Sleep in Wong’s cinema is at times a crucial matter of plotting or characterization. Drinking the magic wine of forgetfulness in Ashes of Time (1994), for example, puts characters in a temporary sleep state. Elsewhere, sleep functions as an action or activity that puts a character’s otherwise perpetual motion on “pause.” Significantly, sleepers are often joined by another character, who tends to be more awake than asleep. Scenes and shots that bring the waking and sleeping characters together create a tension different than that of the characters’ sense of entrapment in the spatiotemporally defined setting. The tension appears to be between the sleeping characters who have momentarily succeeded in escaping, and the waking characters, who appear self-conscious, reflective, or even frustrated by their state of wakefulness.

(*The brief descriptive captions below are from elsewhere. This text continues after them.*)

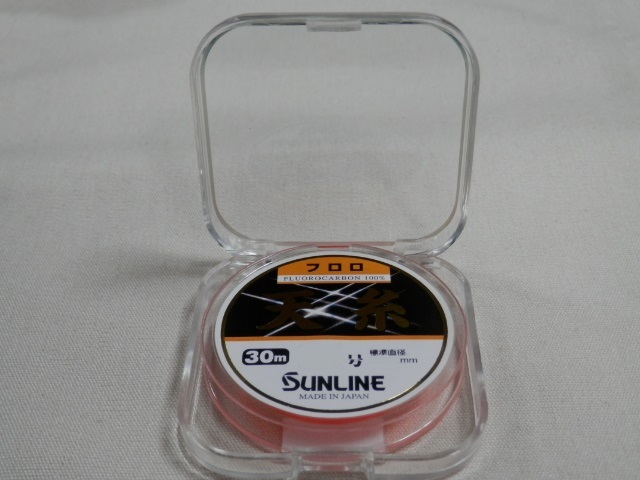 天糸フロロ/1.25号 ☆送料\150/税込 [フロロカーボン糸] ☆新品/未使用！SUNLINE（サンライン）_画像4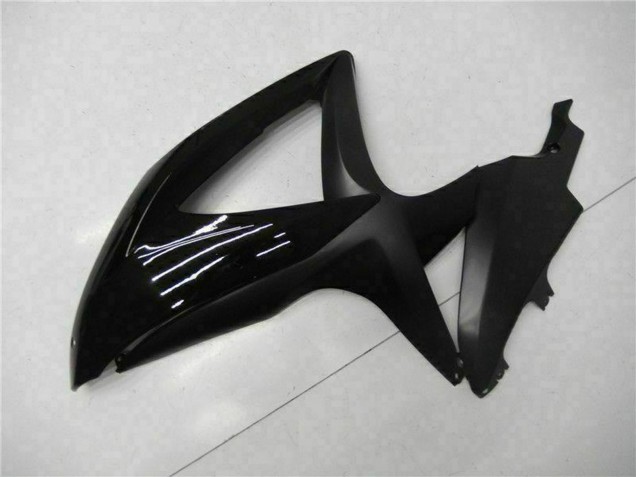 Carénages Moto Suzuki GSXR 600/750 2008-2010 - Noir Brillant Noir Mat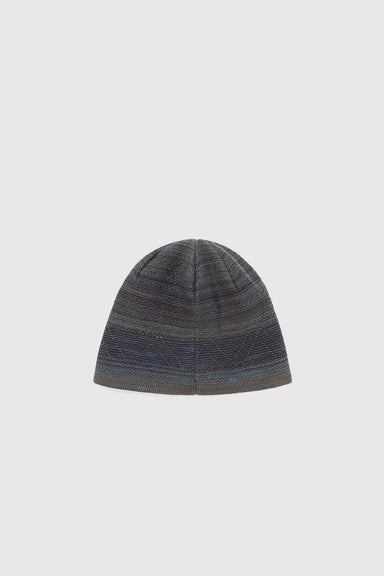 TNT Gramicci Pattern Knit Beanie - Light Navy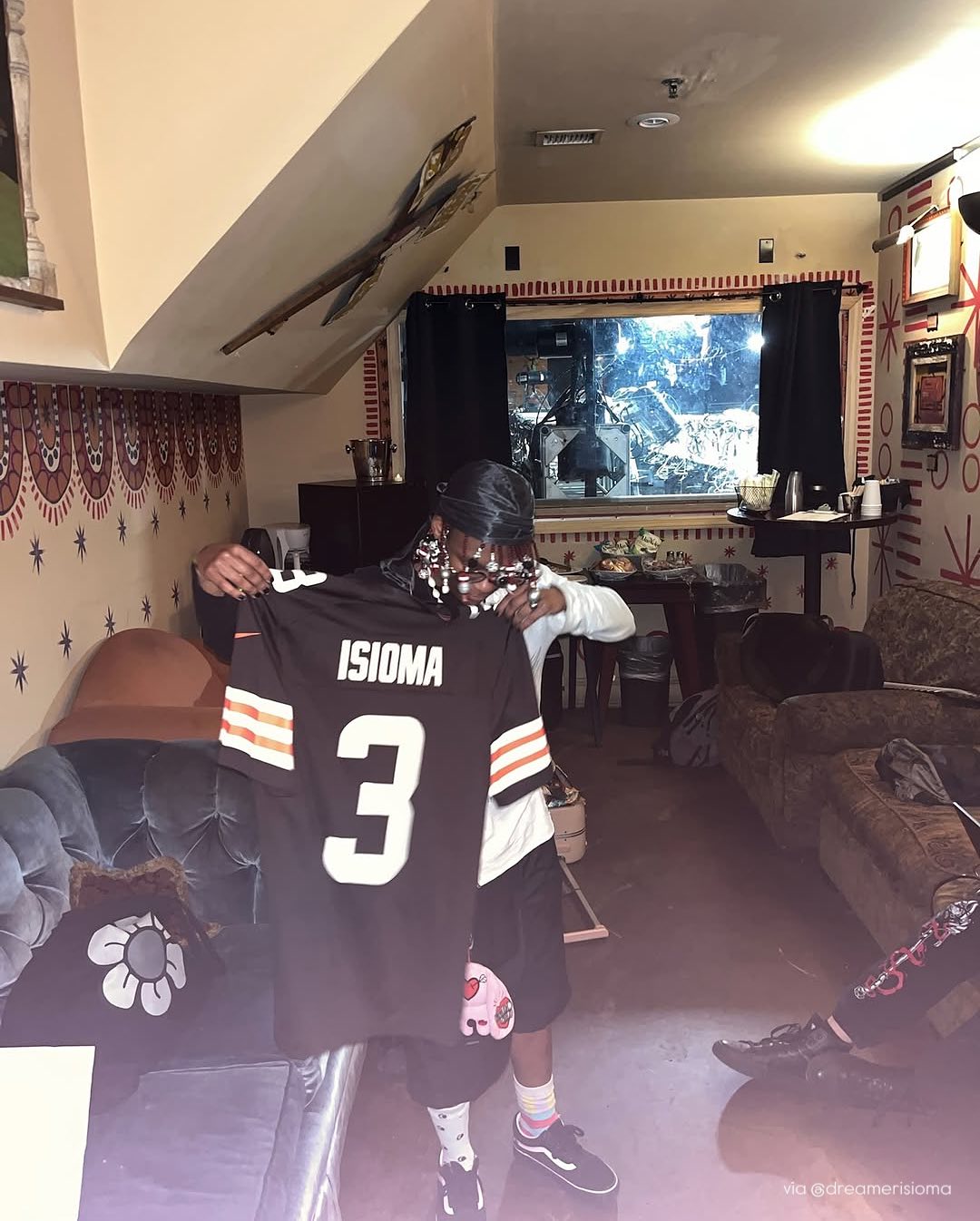 Cleveland Browns Welcome Dreamer Isioma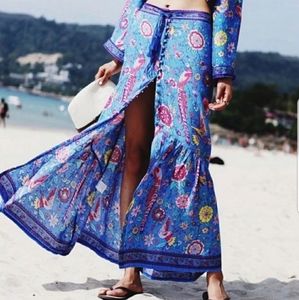 MAXI SKIRT boho floral 🌺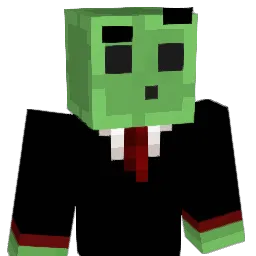 BillyUK Minecraft avatar bust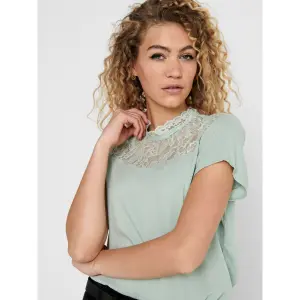 Frauen-T-Shirt Only manches courtes First one life lace image-5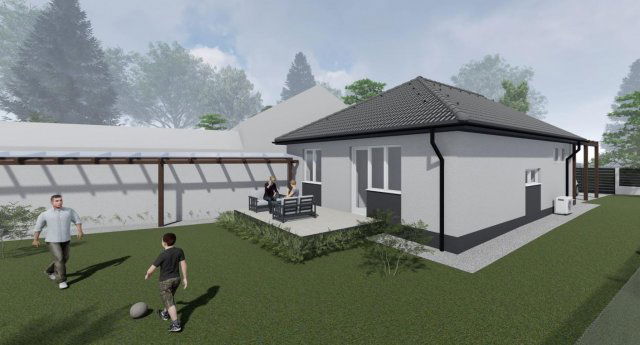 Eladó családi ház, Bicskén 72 M Ft, 3 szobás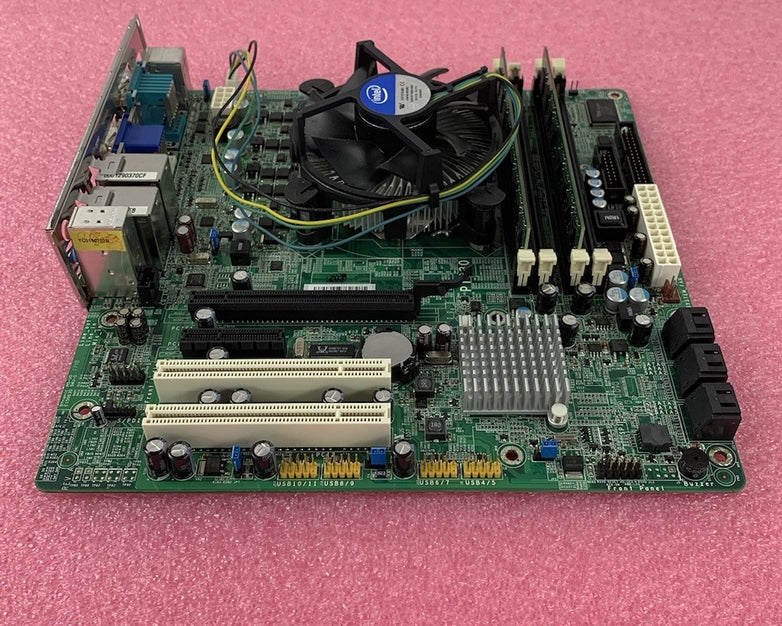 DFI PT330 Motherboard Intel Core i3-550 3.2GHz 8GB RAM w/ Shield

“Wong Kar-wai’s Sleepers” collects these moments of unconsciousness—whether experienced alone or in the company of another—from As Tears Go By (1986) to The Grandmaster (2013). Using superimposition, split screen technique, and occasional slow or fast motion, the essay puts the films in a selective synchronization. This approach combines the format of multi-film analyses like Rowena Santos Aquino’s “Dance in Wong Kar-wai’s Films” with the multi-screen design of Catherine Grant’s “INTERSECTION” (on In the Mood for Love, 2000).[2] The films are joined and yet somewhat blurred, fluctuating in a cinematic mode of “sleep/wake.”

The focus on sleep departs from a consideration of dreams and dream-like visions and experiences, all of which in Wong’s cinema are defining characteristics of the waking world.[3] Day-dreaming characters are either acutely aware of the boundedness of their waking life, or else, like Faye (Faye Wong) in Chungking Express (1994), they simply deny that the waking world is anything but a dream.

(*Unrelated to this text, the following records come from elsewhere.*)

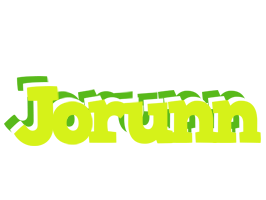 Jorunn citrus logo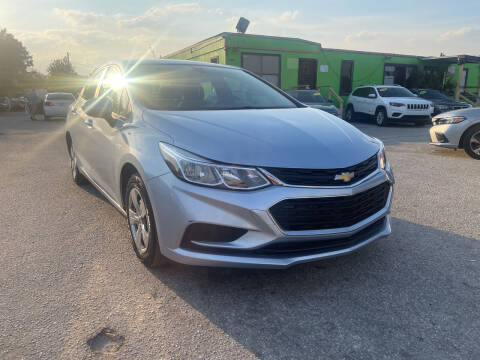 2017 Chevrolet Cruze for sale at Marvin Motors in Kissimmee FL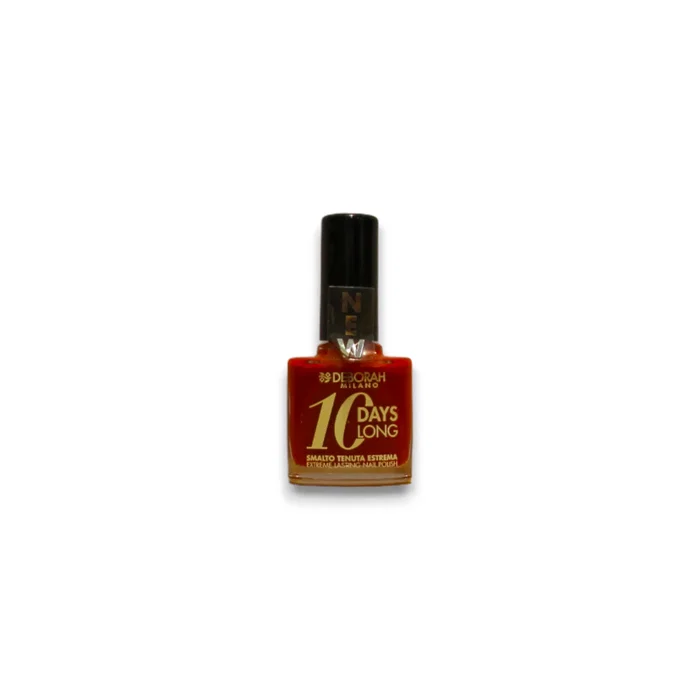 Deborah Vernis à ongles 10 Days Long - Rouge foncé - 11 ml Deborah Vernis à ongles 10 Days Long - Rouge foncé - 11 ml
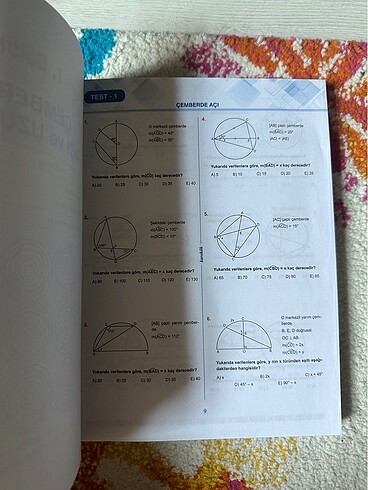  Karekök yayınları ayt geometri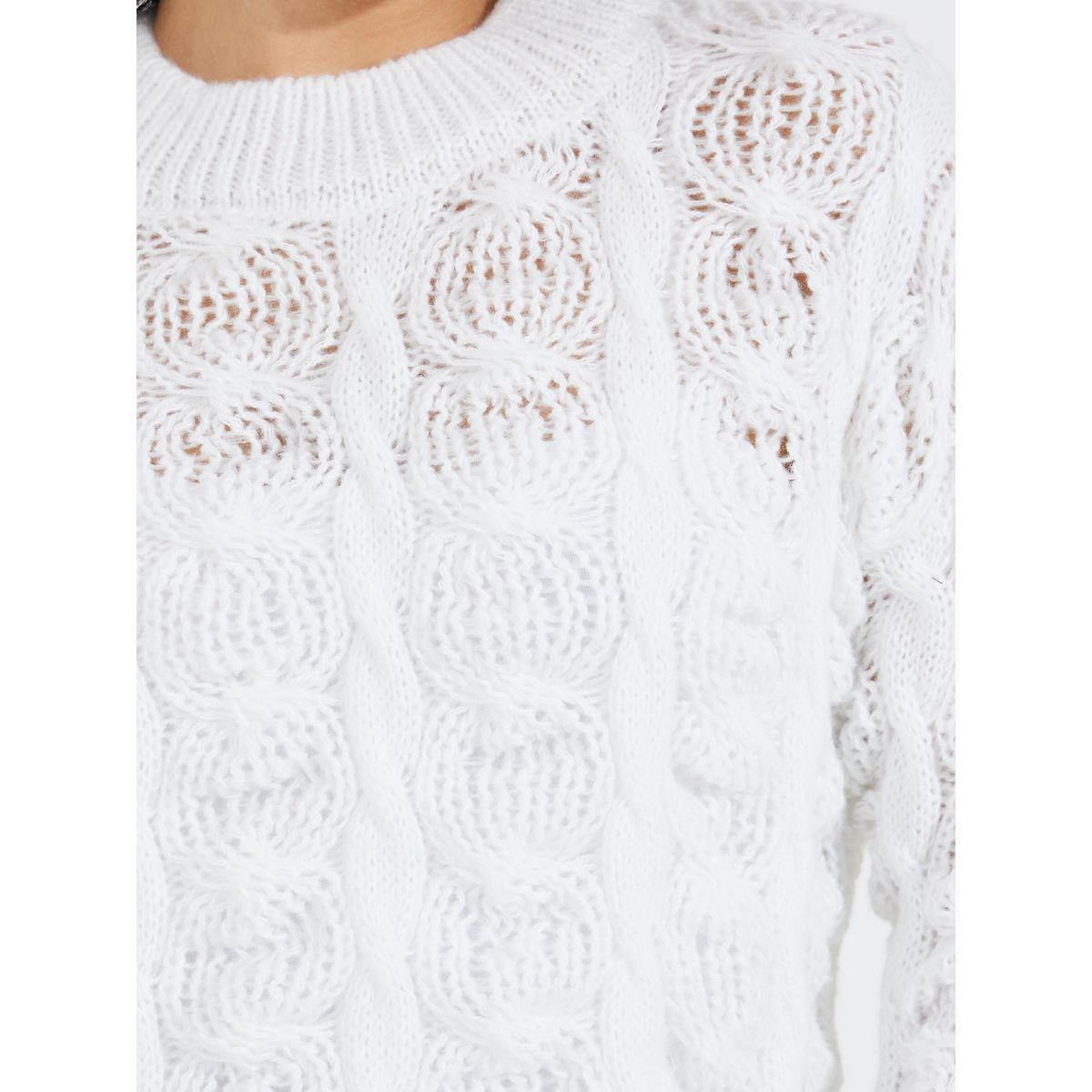 Styli Solid Cut Out Detail Sweater-women-clothing-cardigansandjumpers-jumpers-image-3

The significance of sleep in cinema has not, to date, received much critical or scholarly attention.[4] Art historian Jonathan Crary has argued that the “profound uselessness and intrinsic passivity” of sleep is directly opposed to “the demands of a 24/7 universe.”[5] “Sleep,” he writes, “is an uncompromising interruption of the theft of time from us by capitalism.”[6] Such a concept of sleep may apply to cinematic works, especially those identified as “slow cinema”—films directed by, among others, Andrei Tarkovsky, Chantal Akerman, and Chris Marker. Song Hwee Lim has studied sleep in Tsai Ming-Liang films as “an extreme form of diegetic (in)action,” showing subjects and objects “trespass[ing] various boundaries.”[7]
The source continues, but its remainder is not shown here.